To determine the rate of carbon storage at the time scale of the fire return interval, we initiated a SORTIE-ND run and projected the biomass accumulation in live carbon pools up to 100 years since fire for each sampled stand. SORTIE-ND (hereafter SORTIE) is an individual-based, spatially explicit stand dynamics model parameterized for BC’s sub-boreal forests.¹^,² In these forests, parameters for the processes of tree establishment, growth and mortality have been estimated for lodgepole pine, interior spruce, subalpine fir and trembling aspen (LePage et al., 2000; Coates et al., 2001; Canham et al., 2004; Greene et al., 2004; Astrup et al., 2008). We updated the sub-boreal SORTIE parameter file (Astrup et al., 2008) with estimates of adult and sapling growth across edaphic gradients (Lilles and Astrup, 2012; Coates et al., 2013), using a parameterization for mesic stands (Supplementary Table 3). We estimated the minor components in this study of cottonwood using trembling aspen parameters, and Douglas-fir and western larch using interior spruce parameters. We initiated runs for each of our 75 stands using stems⋅ha^–1 in 2 cm diameter class increments and two seedling height classes (<30, 30–130 cm) randomly initiated to generate a 4 ha simulated stand. Based on the time since fire at field sampling date, we ran each stand to 100 years since fire and analyzed the trees from a 1 ha area in the center of each simulated stand. We estimated live carbon by applying biomass functions and carbon factor (50% of live biomass) described in Biomass and Carbon Calculations – Trees for individual trees in the simulated runs. We used SORTIE-ND version 7.5.04 (Canham et al., 2005) to run the model and rsortie (Beukema and Clason, 2022) for SORTIE initiation and output processing in R.

Statistical Methods

Effect of Planting on Carbon

To determine whether tree planting affected carbon storage over time since fire, we fit linear mixed effects model with a normal probability distribution (Bolker, 2008) to five carbon response pools: (1) Total, (2) live aboveground, (3) dead aboveground (woody debris and standing dead trees), (4) forest floor (litter and forest floor), and (5) mineral soil. We included a random intercept (varying among fires) to capture the hierarchical structure in our data collection. All environmental covariates were handled as fixed effects, centred to the mean and scaled prior to analysis to facilitate model fitting and results interpretation. As our study was designed to understand the effect of tree planting, we compared two alternate models for each carbon pool: one with and one without the planting treatment. If including the planting treatment improved the fit of the model so that the AIC dropped by more than 2 units, we considered the planting treatment significant. The remaining covariates (time since fire and all environmental covariates) were included in all models (with or without planting) to account for these processes and conditions that influence forest carbon. Although coarse fragment content was used to calculate mineral soil carbon, it was still included as a covariate for that pool for consistency. We describe the relative influence of each covariate on each carbon pool by their slope estimates in the best model (with or without planting). We tested the impact of fire severity (dNBR) across carbon pools for each plot from fires after 1985 (N = 53) with the same model design (one model with planting treatment included and one without). We used base R, and fit likelihood models using lme4 (Bates et al., 2015) for carbon pool linear mixed model fitting. We calculated goodness-of-fit (R²) for the overall model, a model with only fixed effects, and a model with only random intercepts using the R package rsq (Zhang, 2021).

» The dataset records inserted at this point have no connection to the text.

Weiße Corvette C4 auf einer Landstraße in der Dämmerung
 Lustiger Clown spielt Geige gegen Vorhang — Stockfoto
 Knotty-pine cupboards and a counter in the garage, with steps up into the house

Change in Live Carbon Over Time

To determine the change over time since fire in live carbon stores with and without tree planting, we fit linear and parametric non-linear (Chapman-Richards) functions (Bolker, 2008) to the live aboveground carbon (i.e., excluding roots). We fit these models to simulated stands in SORTIE to capture the long-term (100-year fire return interval) carbon implications of stands that were planted versus not-planted. We used the likelihood (Murphy, 2015) package to fit models projected carbon to 100 years since fire as this packages enables flexible function fitting. We verified model convergence and selected the best functional shape based on lowest AIC score.

Regeneration

We tested whether both the mean (t-test) and variance [Levene’s test; car package (Fox and Weisberg, 2019)] of seedling density differed between young (<30 years) planted and not-planted stands and used a Wilcoxon rank sum test to determine whether the dominant species (pine, spruce, fir, and aspen) seedlings densities differed between treatments. We present figures of regeneration on a log scale for better visual representation, but regeneration data were not analyzed on a log scale.

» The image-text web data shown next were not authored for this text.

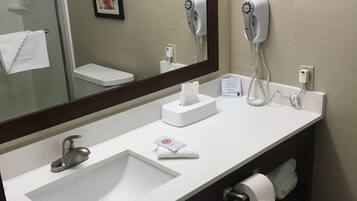 Un baño con lavamanos blanco, un espejo, secador de pelo y un inodoro.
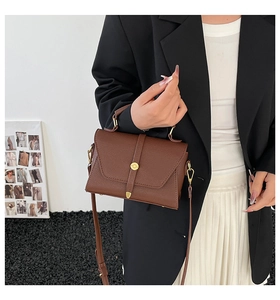Detail view of a dark brown pebble leather crossbody bag with golden metal hardware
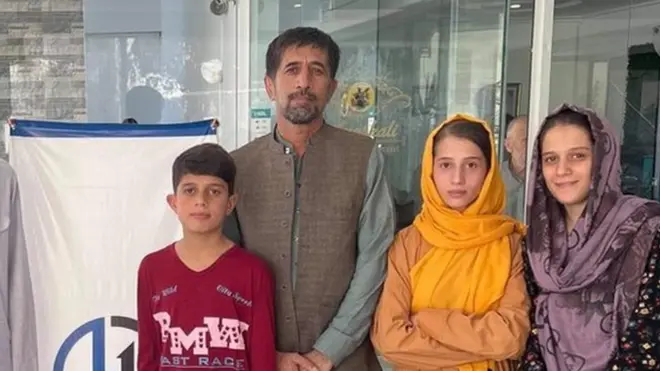 Mr Khalili (third from right) and his family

All data were processed and analyzed in R Core Team (2020), with code available at https://github.com/aclason/Frontiers_FireRehab.

Results

Total ecosystem carbon was lower in planted stands compared to not-planted stands over 60 years since fire (Table 1 and Figure 2). Of the stands that were 50–60 years old at the time of our study, planted stands contained an average of 142 Mg⋅ha^–1 compared to 147 Mg⋅ha^–1 in not-planted stands. This difference in total ecosystem carbon was largely driven by a significantly greater abundance of dead wood carbon in not-planted stands compared to planted (Table 1 and Figure 2). Including the planting treatment improved the model for all carbon pools (Table 1). Planting increased live carbon and mineral soil carbon, but decreased dead, forest floor, and total carbon (Table 1 and Figure 2). Time since fire was important in predicting carbon across pools, except for mineral soil (Table 1 and Figure 2). Total, live and forest floor carbon increased, and dead carbon decreased over time since fire (Table 1 and Figure 2).

TABLE 1

Table 1. Model parameter estimates (SE) and model fit (AIC, R²) for each carbon pool, where †denotes an important predictor covariate (p < 0.05).

FIGURE 2

Figure 2. (A) Carbon (Mg⋅ha^–¹) over time since fire with and without tree planting across five carbon pools: Total, live, dead, forest floor, and mineral soil. (B) Cumulative contribution of four carbon pools (live, dead, forest floor, and mineral soil) to total carbon with and without tree planting, and over time since fire. Data are averaged across stands within planting treatments in 10-year time since fire bins (<11, 11–20, 21–30, 31–40, 51–60; no stands in 41–50 years bin).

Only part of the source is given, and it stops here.